# What this task involves:
Quote the whole listing word for word, please.
+++
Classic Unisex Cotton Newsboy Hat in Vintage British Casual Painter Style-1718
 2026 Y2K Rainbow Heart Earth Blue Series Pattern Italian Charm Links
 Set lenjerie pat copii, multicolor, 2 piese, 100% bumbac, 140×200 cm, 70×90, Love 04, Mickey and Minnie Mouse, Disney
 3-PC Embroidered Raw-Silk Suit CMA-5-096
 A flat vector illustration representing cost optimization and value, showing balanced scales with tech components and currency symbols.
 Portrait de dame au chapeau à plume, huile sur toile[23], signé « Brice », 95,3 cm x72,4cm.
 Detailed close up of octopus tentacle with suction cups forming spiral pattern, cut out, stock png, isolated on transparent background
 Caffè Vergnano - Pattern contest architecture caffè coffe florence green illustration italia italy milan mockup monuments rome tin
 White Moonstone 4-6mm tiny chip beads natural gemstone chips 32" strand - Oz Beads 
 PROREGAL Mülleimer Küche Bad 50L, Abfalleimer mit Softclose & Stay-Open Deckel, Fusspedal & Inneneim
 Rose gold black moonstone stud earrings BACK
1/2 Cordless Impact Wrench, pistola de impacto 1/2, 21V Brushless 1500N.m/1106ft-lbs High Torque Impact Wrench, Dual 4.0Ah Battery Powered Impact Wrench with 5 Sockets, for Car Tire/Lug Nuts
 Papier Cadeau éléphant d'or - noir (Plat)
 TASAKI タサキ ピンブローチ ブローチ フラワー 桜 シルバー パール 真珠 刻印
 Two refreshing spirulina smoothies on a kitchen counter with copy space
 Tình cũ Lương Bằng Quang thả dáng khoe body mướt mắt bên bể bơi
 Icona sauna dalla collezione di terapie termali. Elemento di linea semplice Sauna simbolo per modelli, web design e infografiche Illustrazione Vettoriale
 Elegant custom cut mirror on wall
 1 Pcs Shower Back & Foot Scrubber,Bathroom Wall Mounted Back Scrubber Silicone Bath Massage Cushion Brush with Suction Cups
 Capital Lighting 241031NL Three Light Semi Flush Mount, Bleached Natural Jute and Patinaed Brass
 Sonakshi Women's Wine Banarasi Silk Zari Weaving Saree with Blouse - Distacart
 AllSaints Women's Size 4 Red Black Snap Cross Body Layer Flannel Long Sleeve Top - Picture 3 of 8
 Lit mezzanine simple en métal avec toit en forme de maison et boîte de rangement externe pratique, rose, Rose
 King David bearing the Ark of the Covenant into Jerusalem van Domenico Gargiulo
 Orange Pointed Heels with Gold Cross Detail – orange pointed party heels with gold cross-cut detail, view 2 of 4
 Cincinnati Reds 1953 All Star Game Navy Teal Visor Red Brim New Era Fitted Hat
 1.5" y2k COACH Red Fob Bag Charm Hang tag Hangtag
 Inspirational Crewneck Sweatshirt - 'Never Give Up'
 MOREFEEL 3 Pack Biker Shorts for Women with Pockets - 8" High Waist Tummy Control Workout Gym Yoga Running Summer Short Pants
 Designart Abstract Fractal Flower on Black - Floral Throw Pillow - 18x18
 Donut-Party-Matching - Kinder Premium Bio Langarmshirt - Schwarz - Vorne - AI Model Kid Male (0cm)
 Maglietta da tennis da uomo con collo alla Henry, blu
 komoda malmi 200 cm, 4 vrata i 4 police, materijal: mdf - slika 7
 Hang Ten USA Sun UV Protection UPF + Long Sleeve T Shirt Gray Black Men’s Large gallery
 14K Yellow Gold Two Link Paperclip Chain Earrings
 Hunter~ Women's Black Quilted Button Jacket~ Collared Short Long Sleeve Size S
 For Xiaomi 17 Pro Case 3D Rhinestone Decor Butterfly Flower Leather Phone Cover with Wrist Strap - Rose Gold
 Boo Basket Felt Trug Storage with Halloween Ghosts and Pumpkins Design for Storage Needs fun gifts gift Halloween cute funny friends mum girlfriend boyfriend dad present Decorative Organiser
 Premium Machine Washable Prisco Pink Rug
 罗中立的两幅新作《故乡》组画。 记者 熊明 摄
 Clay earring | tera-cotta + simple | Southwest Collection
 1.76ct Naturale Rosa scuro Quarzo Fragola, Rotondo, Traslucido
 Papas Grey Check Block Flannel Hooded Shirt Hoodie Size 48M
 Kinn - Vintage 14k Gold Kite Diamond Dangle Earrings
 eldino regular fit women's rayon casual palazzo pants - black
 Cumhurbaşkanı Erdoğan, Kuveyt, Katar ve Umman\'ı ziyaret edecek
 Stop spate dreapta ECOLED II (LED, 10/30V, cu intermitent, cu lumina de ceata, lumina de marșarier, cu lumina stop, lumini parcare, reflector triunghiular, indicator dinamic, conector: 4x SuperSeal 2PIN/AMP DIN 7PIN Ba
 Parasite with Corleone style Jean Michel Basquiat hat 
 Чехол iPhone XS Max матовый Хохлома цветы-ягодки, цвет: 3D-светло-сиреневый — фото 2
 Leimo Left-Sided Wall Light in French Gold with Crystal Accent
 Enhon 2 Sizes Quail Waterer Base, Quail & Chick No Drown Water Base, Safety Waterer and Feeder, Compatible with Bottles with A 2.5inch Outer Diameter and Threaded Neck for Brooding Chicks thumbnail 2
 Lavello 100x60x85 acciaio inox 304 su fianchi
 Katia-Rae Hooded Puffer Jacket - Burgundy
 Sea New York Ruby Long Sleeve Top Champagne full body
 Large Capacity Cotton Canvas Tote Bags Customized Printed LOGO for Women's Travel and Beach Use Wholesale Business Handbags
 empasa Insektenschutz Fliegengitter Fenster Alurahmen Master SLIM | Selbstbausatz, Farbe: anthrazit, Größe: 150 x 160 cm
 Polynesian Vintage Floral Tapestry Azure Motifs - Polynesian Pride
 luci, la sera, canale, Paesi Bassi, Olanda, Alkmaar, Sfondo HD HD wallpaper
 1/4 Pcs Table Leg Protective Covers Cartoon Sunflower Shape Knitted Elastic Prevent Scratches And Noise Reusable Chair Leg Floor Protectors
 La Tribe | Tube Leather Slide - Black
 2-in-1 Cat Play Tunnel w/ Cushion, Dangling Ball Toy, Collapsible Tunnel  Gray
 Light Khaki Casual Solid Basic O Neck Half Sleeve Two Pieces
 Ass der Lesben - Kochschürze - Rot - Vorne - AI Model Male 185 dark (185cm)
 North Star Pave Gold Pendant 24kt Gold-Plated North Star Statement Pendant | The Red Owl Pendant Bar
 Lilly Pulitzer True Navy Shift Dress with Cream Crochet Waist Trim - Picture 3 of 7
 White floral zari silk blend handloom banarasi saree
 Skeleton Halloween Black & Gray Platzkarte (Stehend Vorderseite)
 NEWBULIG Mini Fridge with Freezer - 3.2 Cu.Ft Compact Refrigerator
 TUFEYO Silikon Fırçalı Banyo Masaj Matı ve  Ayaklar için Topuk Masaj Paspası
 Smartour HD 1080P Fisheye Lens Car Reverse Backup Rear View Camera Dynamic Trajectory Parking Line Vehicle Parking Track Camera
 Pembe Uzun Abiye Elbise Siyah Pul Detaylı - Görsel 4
+++
# Expected answer:
Classic Unisex Cotton Newsboy Hat in Vintage British Casual Painter Style-1718
 2026 Y2K Rainbow Heart Earth Blue Series Pattern Italian Charm Links
 Set lenjerie pat copii, multicolor, 2 piese, 100% bumbac, 140×200 cm, 70×90, Love 04, Mickey and Minnie Mouse, Disney
 3-PC Embroidered Raw-Silk Suit CMA-5-096
 A flat vector illustration representing cost optimization and value, showing balanced scales with tech components and currency symbols.
 Portrait de dame au chapeau à plume, huile sur toile[23], signé « Brice », 95,3 cm x72,4cm.
 Detailed close up of octopus tentacle with suction cups forming spiral pattern, cut out, stock png, isolated on transparent background
 Caffè Vergnano - Pattern contest architecture caffè coffe florence green illustration italia italy milan mockup monuments rome tin
 White Moonstone 4-6mm tiny chip beads natural gemstone chips 32" strand - Oz Beads 
 PROREGAL Mülleimer Küche Bad 50L, Abfalleimer mit Softclose & Stay-Open Deckel, Fusspedal & Inneneim
 Rose gold black moonstone stud earrings BACK
1/2 Cordless Impact Wrench, pistola de impacto 1/2, 21V Brushless 1500N.m/1106ft-lbs High Torque Impact Wrench, Dual 4.0Ah Battery Powered Impact Wrench with 5 Sockets, for Car Tire/Lug Nuts
 Papier Cadeau éléphant d'or - noir (Plat)
 TASAKI タサキ ピンブローチ ブローチ フラワー 桜 シルバー パール 真珠 刻印
 Two refreshing spirulina smoothies on a kitchen counter with copy space
 Tình cũ Lương Bằng Quang thả dáng khoe body mướt mắt bên bể bơi
 Icona sauna dalla collezione di terapie termali. Elemento di linea semplice Sauna simbolo per modelli, web design e infografiche Illustrazione Vettoriale
 Elegant custom cut mirror on wall
 1 Pcs Shower Back & Foot Scrubber,Bathroom Wall Mounted Back Scrubber Silicone Bath Massage Cushion Brush with Suction Cups
 Capital Lighting 241031NL Three Light Semi Flush Mount, Bleached Natural Jute and Patinaed Brass
 Sonakshi Women's Wine Banarasi Silk Zari Weaving Saree with Blouse - Distacart
 AllSaints Women's Size 4 Red Black Snap Cross Body Layer Flannel Long Sleeve Top - Picture 3 of 8
 Lit mezzanine simple en métal avec toit en forme de maison et boîte de rangement externe pratique, rose, Rose
 King David bearing the Ark of the Covenant into Jerusalem van Domenico Gargiulo
 Orange Pointed Heels with Gold Cross Detail – orange pointed party heels with gold cross-cut detail, view 2 of 4
 Cincinnati Reds 1953 All Star Game Navy Teal Visor Red Brim New Era Fitted Hat
 1.5" y2k COACH Red Fob Bag Charm Hang tag Hangtag
 Inspirational Crewneck Sweatshirt - 'Never Give Up'
 MOREFEEL 3 Pack Biker Shorts for Women with Pockets - 8" High Waist Tummy Control Workout Gym Yoga Running Summer Short Pants
 Designart Abstract Fractal Flower on Black - Floral Throw Pillow - 18x18
 Donut-Party-Matching - Kinder Premium Bio Langarmshirt - Schwarz - Vorne - AI Model Kid Male (0cm)
 Maglietta da tennis da uomo con collo alla Henry, blu
 komoda malmi 200 cm, 4 vrata i 4 police, materijal: mdf - slika 7
 Hang Ten USA Sun UV Protection UPF + Long Sleeve T Shirt Gray Black Men’s Large gallery
 14K Yellow Gold Two Link Paperclip Chain Earrings
 Hunter~ Women's Black Quilted Button Jacket~ Collared Short Long Sleeve Size S
 For Xiaomi 17 Pro Case 3D Rhinestone Decor Butterfly Flower Leather Phone Cover with Wrist Strap - Rose Gold
 Boo Basket Felt Trug Storage with Halloween Ghosts and Pumpkins Design for Storage Needs fun gifts gift Halloween cute funny friends mum girlfriend boyfriend dad present Decorative Organiser
 Premium Machine Washable Prisco Pink Rug
 罗中立的两幅新作《故乡》组画。 记者 熊明 摄
 Clay earring | tera-cotta + simple | Southwest Collection
 1.76ct Naturale Rosa scuro Quarzo Fragola, Rotondo, Traslucido
 Papas Grey Check Block Flannel Hooded Shirt Hoodie Size 48M
 Kinn - Vintage 14k Gold Kite Diamond Dangle Earrings
 eldino regular fit women's rayon casual palazzo pants - black
 Cumhurbaşkanı Erdoğan, Kuveyt, Katar ve Umman\'ı ziyaret edecek
 Stop spate dreapta ECOLED II (LED, 10/30V, cu intermitent, cu lumina de ceata, lumina de marșarier, cu lumina stop, lumini parcare, reflector triunghiular, indicator dinamic, conector: 4x SuperSeal 2PIN/AMP DIN 7PIN Ba
 Parasite with Corleone style Jean Michel Basquiat hat 
 Чехол iPhone XS Max матовый Хохлома цветы-ягодки, цвет: 3D-светло-сиреневый — фото 2
 Leimo Left-Sided Wall Light in French Gold with Crystal Accent
 Enhon 2 Sizes Quail Waterer Base, Quail & Chick No Drown Water Base, Safety Waterer and Feeder, Compatible with Bottles with A 2.5inch Outer Diameter and Threaded Neck for Brooding Chicks thumbnail 2
 Lavello 100x60x85 acciaio inox 304 su fianchi
 Katia-Rae Hooded Puffer Jacket - Burgundy
 Sea New York Ruby Long Sleeve Top Champagne full body
 Large Capacity Cotton Canvas Tote Bags Customized Printed LOGO for Women's Travel and Beach Use Wholesale Business Handbags
 empasa Insektenschutz Fliegengitter Fenster Alurahmen Master SLIM | Selbstbausatz, Farbe: anthrazit, Größe: 150 x 160 cm
 Polynesian Vintage Floral Tapestry Azure Motifs - Polynesian Pride
 luci, la sera, canale, Paesi Bassi, Olanda, Alkmaar, Sfondo HD HD wallpaper
 1/4 Pcs Table Leg Protective Covers Cartoon Sunflower Shape Knitted Elastic Prevent Scratches And Noise Reusable Chair Leg Floor Protectors
 La Tribe | Tube Leather Slide - Black
 2-in-1 Cat Play Tunnel w/ Cushion, Dangling Ball Toy, Collapsible Tunnel  Gray
 Light Khaki Casual Solid Basic O Neck Half Sleeve Two Pieces
 Ass der Lesben - Kochschürze - Rot - Vorne - AI Model Male 185 dark (185cm)
 North Star Pave Gold Pendant 24kt Gold-Plated North Star Statement Pendant | The Red Owl Pendant Bar
 Lilly Pulitzer True Navy Shift Dress with Cream Crochet Waist Trim - Picture 3 of 7
 White floral zari silk blend handloom banarasi saree
 Skeleton Halloween Black & Gray Platzkarte (Stehend Vorderseite)
 NEWBULIG Mini Fridge with Freezer - 3.2 Cu.Ft Compact Refrigerator
 TUFEYO Silikon Fırçalı Banyo Masaj Matı ve  Ayaklar için Topuk Masaj Paspası
 Smartour HD 1080P Fisheye Lens Car Reverse Backup Rear View Camera Dynamic Trajectory Parking Line Vehicle Parking Track Camera
 Pembe Uzun Abiye Elbise Siyah Pul Detaylı - Görsel 4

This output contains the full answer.